In his valentine to Kerouac and company, The Source, documentarian Chuck Workman pursues this line of mythomania with uncommon fervor. He's a bit misleading. It's certainly appropriate to give the incendiary Naked Lunch or the free-spirited, uncommonly witty poems of Gregory Corso their due, but the wave of nostalgia sweeping over the Beat Generation in the 1990s has all but inundated the facts. If Kerouac and his pals were the original American dissenters, as Workman and others seem to claim, where does that leave George Washington and his pals, Emerson and Thoreau, or the leftists of the 1930s? If, as The Source claims, hippies, '60s war protesters, and new-agers sprang directly from the Beats ("They looked on us as elders of the tribe," poet Philip Whalen avers), what about their influences? Allen Ginsberg didn't invent Buddhism, and when Burroughs started talking about automatic writing or "the systematic derangement of the senses" through drug use, he was borrowing from both Rimbaud and the Surrealists. Jack Kerouac may have hit the road with liberation on his mind and rebellion in his heart, but he wasn't the first young man to go west fueled by individualist dreaming.

As for Saint Jack's actual writing, is it really better (or more outspoken) than that of such notably non-Beat '50s practitioners as Vladimir Nabokov, Flannery O'Connor, or Tennessee Williams? Who will endure -- Lawrence Ferlinghetti or Arthur Miller?

Aesthetic considerations aside, it doesn't hurt to ask what effects the Beats will continue to have if the romantic mythology espoused by The Source and other books and movies about them is even partly true. In Workman's parade of talking heads, you find Kerouac telling TV host Steve Allen how he wrote On the Road in three weeks, and you can't help speculating on the number of young authors who will now set out to write their masterpieces in three weeks. You see Norman Mailer, who shares with the Beats a penchant for self-dramatization, weighing in on the early impact of Ginsberg's Howl, and you can't help wondering about the demise of Norman Mailer. In support of his fathers-of-us-all thesis, Workman disinters proto-hippie Ed Sanders, late of the Fugs; Merry Prankster Ken Kesey; and a dozen lesser lights of the Beat movement. He also splices in the godfather of LSD, the late Timothy Leary, who lets fly with a belief that no self-respecting poet, good or bad, would be likely to embrace: "In the future," Leary tells us, "it will not be what book you read but what chemical you take, to open your mind." Just don't let your publisher know.

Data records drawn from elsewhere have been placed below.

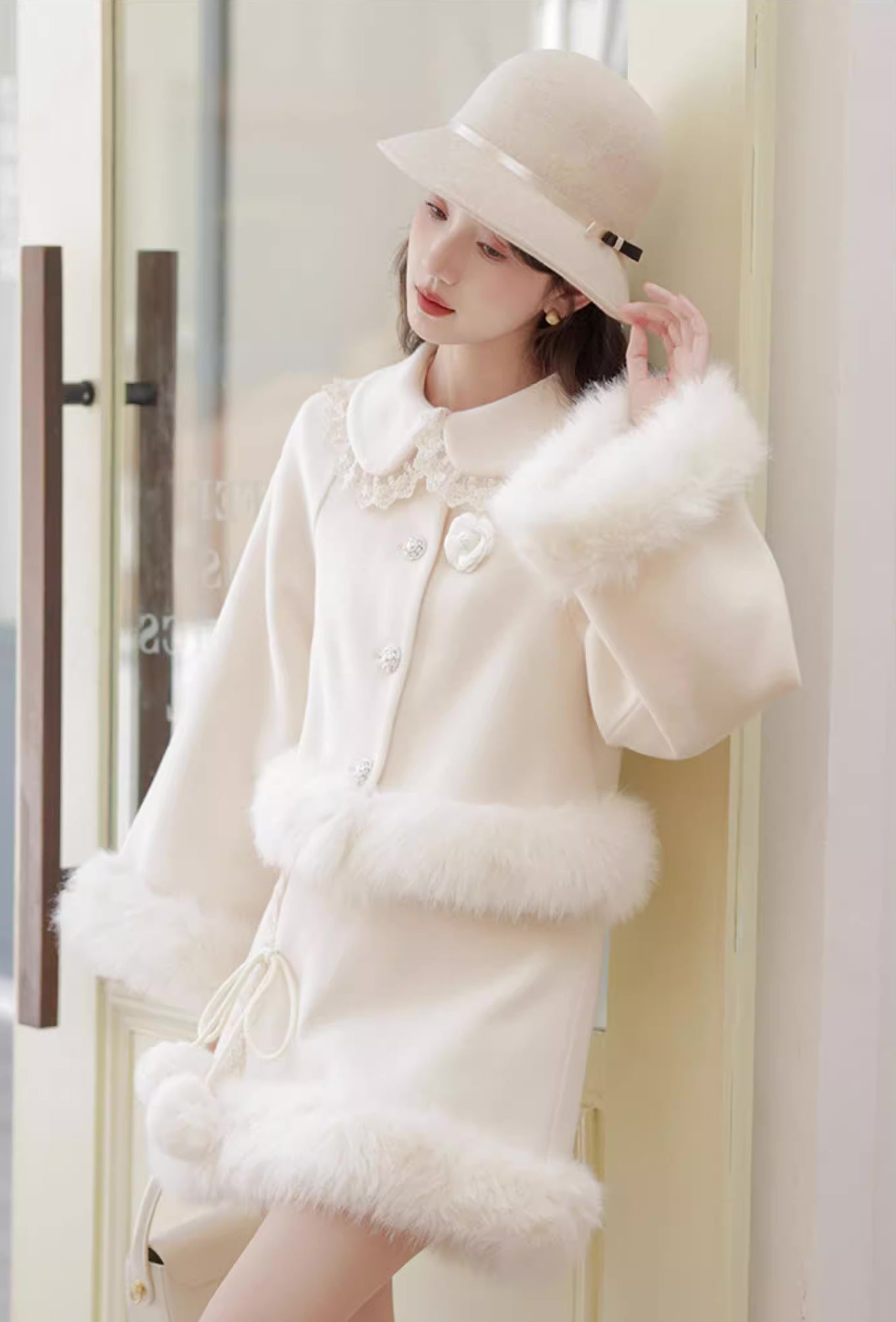Fuzzy Snow Puff Tweed Set (Cream)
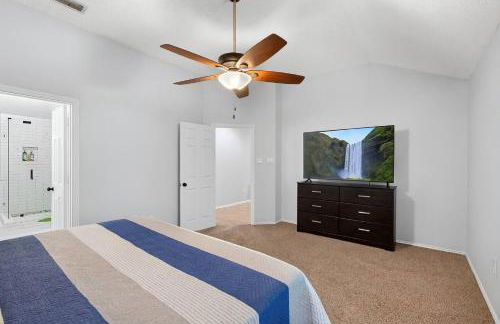 Newly updated 5BR/2.5BA w/pool sleep 16 ppl• - Photo 37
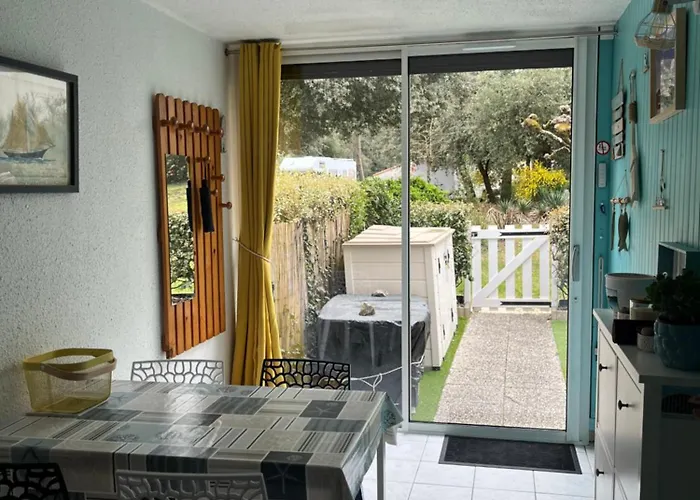 Agreable Rez De Jardin Avec Terrasse Proche Apartment Saint-Georges-de-Didonne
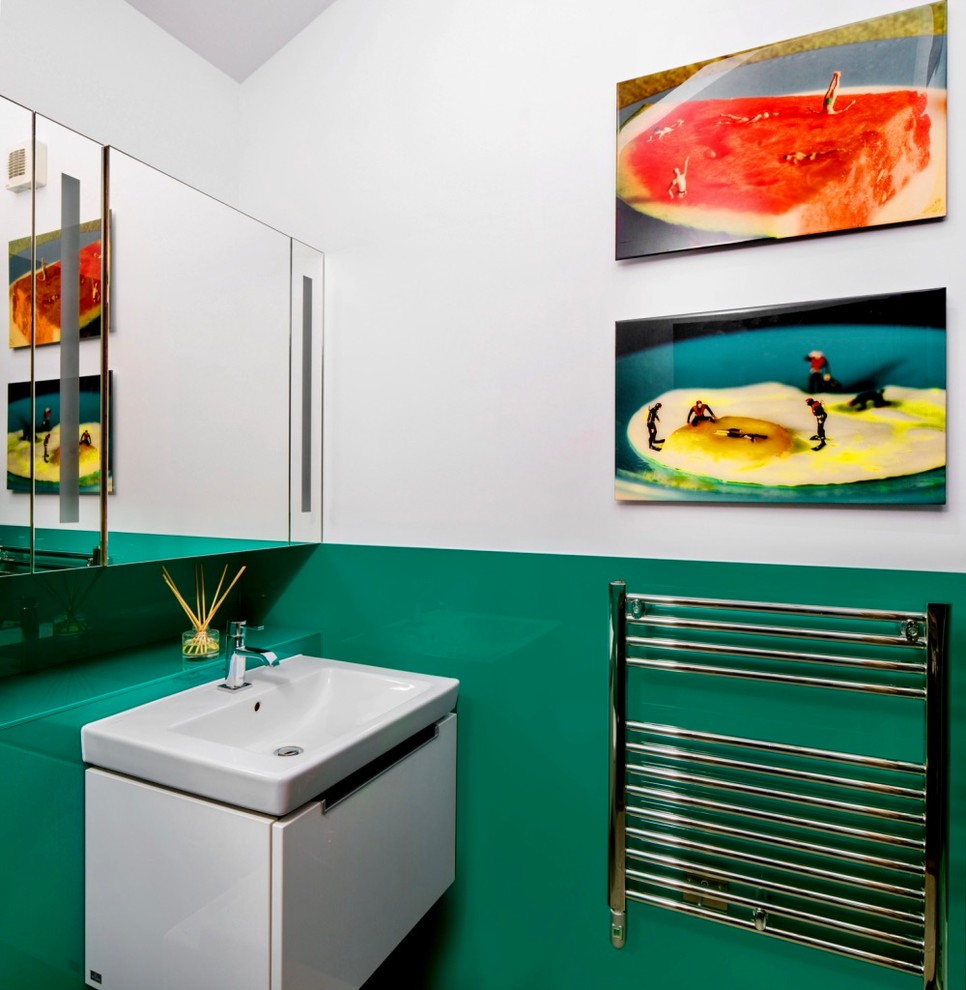 Ejemplo de cuarto de baño actual de tamaño medio con armarios con paneles lisos, puertas de armario blancas, paredes verdes, aseo y ducha y lavabo tipo consola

The Source gives us old footage of Ginsberg (thumbing through a scrapbook, declaiming, wandering Times Square), Burroughs ("My whole life has been resistance to the ugly spirit," he tells us), and Kerouac (playing hipster, making funny faces), but all three are now dead, and Workman sees fit to dramatize them anew: That's John Turturro yelling, "I saw the best minds of my generation destroyed by madness" in a dark schoolyard. Underneath the hat, that's Johnny Depp as Kerouac, and the desiccated, furrowed-brow guy is Dennis Hopper as Burroughs, talking about how he tried to William Tell the apple off his wife's head that time, but wound up shooting a little low. Thus does Hollywood once more intrude on cinema verité.

As for Neal Cassady, the patron saint of the Beats, and his fictional counterpart, Dean Moriarty, The Source dusts off their bios, too, en route to insisting, more or less, that, if Kerouac had never devoted a month to Dharma Bums or drunk red wine straight out of the jug in San Francisco, then the civil rights movement, the granola boom in rural Vermont, and the gold records of Bob Dylan would never have come to pass. That's an enormous conceit, blind to history.